PT-141 (Bremelanotide) sourcing for researchers across 13 follows the universal online supply model — local retail for research peptides is essentially absent, making the ability to assess vendor documentation the foundation of reliable sourcing. For researchers in 13 beginning to work with PT-141 (Bremelanotide) the most efficient route is: find online research communities with active 13 participation and search for current vendor recommendations specific to your location. 13's position in the research peptide supply chain is primarily as a destination market served by international vendors — the analytical standards and handling protocols are no different from anywhere else in the world. What follows addresses the core quality standards for PT-141 (Bremelanotide) with 13-specific sourcing and shipping context added for 13-based researchers.
PT-141 (Bremelanotide): Research & Evidence
Aesthetic peptide research in 13 using compounds like PT-141 (Bremelanotide) requires experimental models appropriate to the specific research question. For skin-focused research: primary human fibroblast cultures for collagen synthesis studies; reconstructed human skin models (3D epidermis) for more complex endpoint measurement; and for in-vivo work, established rodent wound healing models. For pigmentation research: primary melanocyte cultures from human or mouse sources, with quantitative melanin content assay and MC1R expression measurement. The model selection should match the claimed mechanism of PT-141 (Bremelanotide) being investigated.
13 researchers sourcing PT-141 (Bremelanotide) should plan around typical shipping timelines: international peptide shipments to 13 typically take 5-15 business days depending on supplier geography and chosen delivery option. Quality markers remain the same regardless of destination: batch-matched COA with HPLC purity ≥98%, mass spec identity confirmation, and endotoxin data — all available prior to ordering. Storage infrastructure is a practical consideration 13 researchers should sort out ahead of placing any order — lyophilised peptides require −20°C storage, and ordering large quantities without proper storage in place is counterproductive to research quality. Avoid initiating time-dependent research without sufficient product already in storage given natural variation in international shipping timelines.

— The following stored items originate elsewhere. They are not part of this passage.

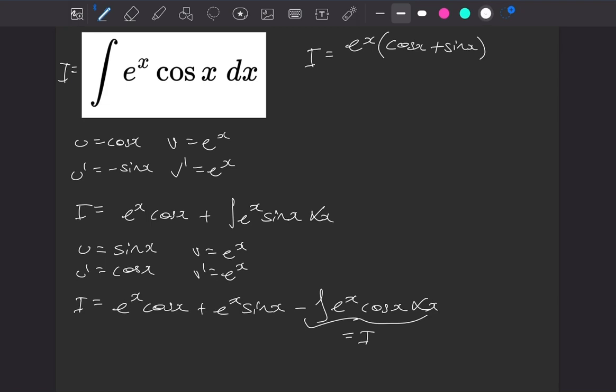So get rid of that 2, divide by it, and that gives us our final answer. So the integral is equal to e to the x on 2, multiplied by cos of x plus sine of x. What a very nice little trick.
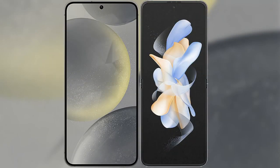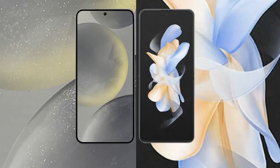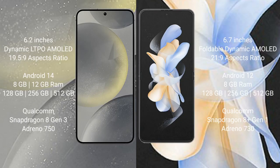I will compare the new Samsung Galaxy S24 with Samsung Galaxy Z Flip 4. The Samsung S24 features a 6.2-inch Dynamic LTPO AMOLED display with an aspect ratio of 19.5:9, while the Samsung Galaxy Z Flip 4 features a 6.7-inch foldable Dynamic AMOLED display with an aspect ratio of 21:9.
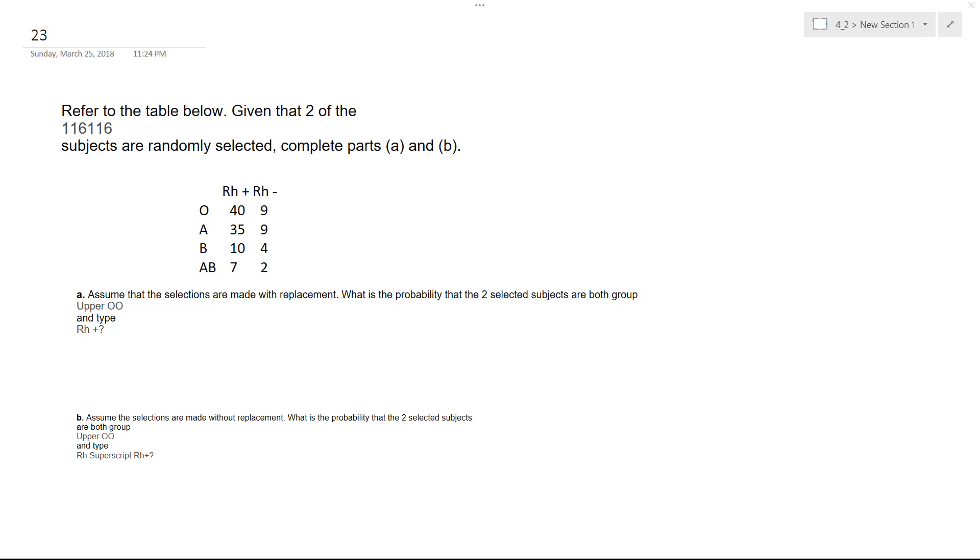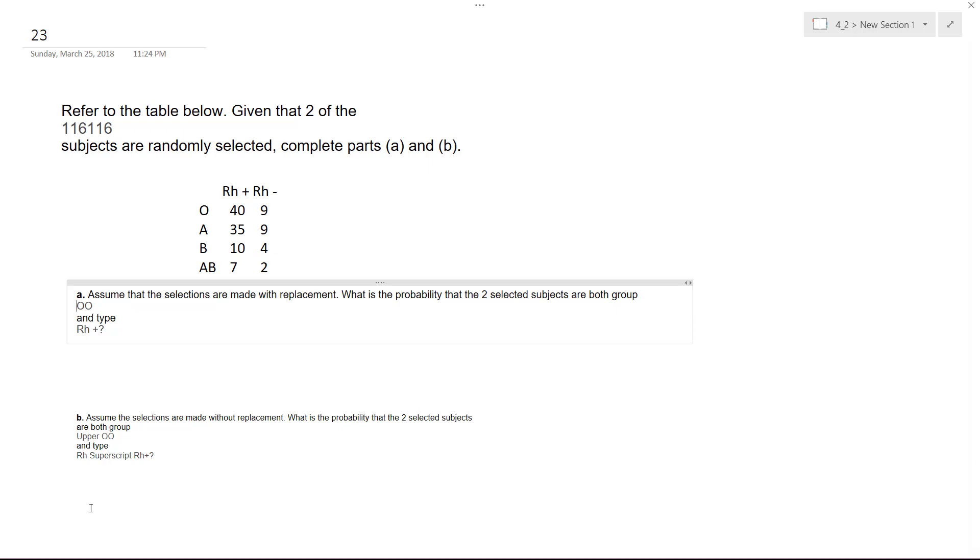So we want to find out what's the probability of the two selected subjects both being in group O. So you've got to be careful here. This doesn't copy over right. So group O and type RH positive or plus.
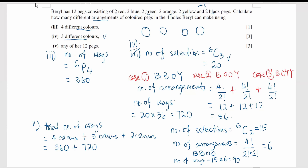Now we have all values: 360 + 720 + 90. The total number of ways to arrange any of the 12 packs into the four holes is 1170.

Research compound status for PT-141 (Bremelanotide) means the safety profile is characterised by preclinical and limited human data — handle with strict sterile procedure, store at the correct temperatures, and source only from vendors providing complete COA data including endotoxin testing. Sterile reconstitution means: alcohol prep pad on septum, single-use needle, uncontaminated working surface — discard any reconstituted material showing cloudiness or visible particulate. From a handling safety perspective, PT-141 (Bremelanotide) presents typical research compound handling requirements — sterile technique, temperature-appropriate handling throughout, and verified-quality source material are the primary factors.
Frequently Asked Questions
What is PT-141?
PT-141 (Bremelanotide) is a cyclic melanocortin receptor agonist developed from Melanotan-2. Unlike MT-2, PT-141 acts primarily on MC3R and MC4R receptors in the CNS rather than MC1R in melanocytes. It received FDA approval in 2019 as Vyleesi for hypoactive sexual desire disorder in premenopausal women. As a research compound it is studied for melanocortin receptor pharmacology.
How does PT-141 differ from Melanotan-2?
Both are melanocortin receptor agonists, but PT-141 is more selective for MC3R/MC4R (CNS-expressed receptors) while MT-2 has broader activity including MC1R (melanocytes) for pigmentation. PT-141 was specifically developed from MT-2 to have the CNS effects with reduced pigmentation side effects.
What is the regulatory status of PT-141?
PT-141 (as Bremelanotide/Vyleesi) is an FDA-approved pharmaceutical in the US for HSDD in premenopausal women. This pharmaceutical status means it is more tightly regulated than pure research compounds in most jurisdictions. Import and possession regulations vary by country — verify current status in your jurisdiction before ordering.